Kennedy volunteers use this online calendar to host yoga classes, potlucks and book clubs for supporters or Kennedy-curious locals across the country. But Organizer Memes, an anonymous X account popular for trolling campaigns and sharing gossip on bad bosses, weaponized the tool shortly after Kennedy’s event announcing his running mate.

Organizer Memes created a fake community event called “Dramatic reading of RFK Jr’s sex diary,” referencing a 2013 story about Kennedy’s cheating scandal and divorce from his second wife, who died by suicide before the divorce was finalized. It inspired others to create their own fake events, poking fun at Kennedy.

“Once you get in my crosshairs because I want you to lose, I’m looking for opportunities to make jokes about you. And if your campaign has something to hide, I love to find it and post it on Twitter,” Organizer Memes said in an interview. The account is not affiliated with the DNC or Biden’s campaign.

The fake event post was inspired, however, by a real technological vulnerability. After Nicole Shanahan was announced as Kennedy’s running mate, one Kennedy supporter aired their disappointment by creating a fake event blaming Fox Kennedy, a former CIA agent, for negatively influencing the campaign, according to a screenshot seen by POLITICO. Organizer Memes saw this post and then created their own.

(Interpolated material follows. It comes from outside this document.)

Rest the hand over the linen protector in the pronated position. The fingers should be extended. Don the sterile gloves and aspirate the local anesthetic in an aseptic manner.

“It’s a masterclass in digital security but also like, it’s a fun time to prank people,” they said.

The campaign has now added a screening process for the website’s community events feature and is adding that ability to its forthcoming mobile app.

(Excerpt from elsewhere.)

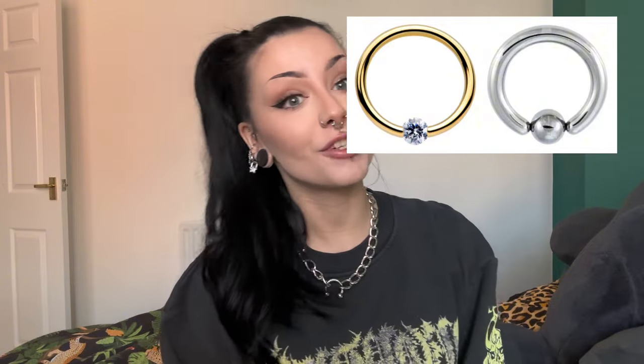Next up we've got the captive ring or ball closure ring. This is the original ball ring style — these have a bit of an edgier look, they're a bit more heavy, easily available, and super comfortable. Really great if you like a bolder style. The main downside is actually getting it in and out — if you've ever used a ball closure ring before, it can be a bit of a nightmare. They may require a special tool or a trip to your piercer every time you want it in and out, because you don't want to be bending it permanently out of shape. However, they also come in different charm styles, so you can interchange your ball and still rock a little extra fashion knowing your piercing will not go anywhere.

“Now we’re having to commit volunteer resources to reviewing and approving each of those grassroots events, which takes those volunteers away from other things they could be doing. And it means that nobody can create an event the same day or even the night before,” Fox Kennedy said. “And maybe that’s just a reality of the world that we live in, but it’s another way that these large-scale government attacks on our local communities and our desire to connect with one another are undermining our political process.”

Fox Kennedy also took to X to lament a job posting from MoveOn, a progressive organization that is also not affiliated with the DNC. The ad was searching for a staffer “to help inoculate progressive and other non-MAGA constituencies from voting for RFK Jr and other third-party presidential spoiler candidates in key battleground states.” Responsibilities included in-person and digital organizing to confront the “threat,” including through “earned media bird-dogging.”

Fox Kennedy wrote on X that these responsibilities amount to harassment and accused MoveOn of being run by the DNC.

“We all know the Kennedy campaign runs on conspiracy theories, but even this is a stretch for them,” said Joel Payne, a MoveOn spokesperson.

MoveOn confirmed that it posted the job opening and took the ad down after receiving sufficient applicants. The online link now goes to a posting for a different job that is not related to or affiliated with MoveOn.

“They are running an anti-abortion, anti-IVF, anti-vaccine, anti-gun safety ticket funded by Trump’s biggest donor and they are trolling for attention with fake outrage because they are being called out and held accountable,” Payne said. “It should come as no surprise that we are staffing up to ensure that voters understand that their reckless bid will make it easier for Donald Trump to win this election.”

While MoveOn’s job ad was singled out, it’s not unique. The DNC has staffed a team of veteran operatives, including a former Sen. Ted Kennedy staffer, to focus on third-party candidates. American Bridge, one of the largest Democratic Party-aligned research groups, has hired longtime Democratic lawyer Marc Elias’ firm on a $20 million retainer for this year. This is not to mention the smaller, hyper-local, partisan efforts that will emerge from the grassroots to box out third-party support as November approaches.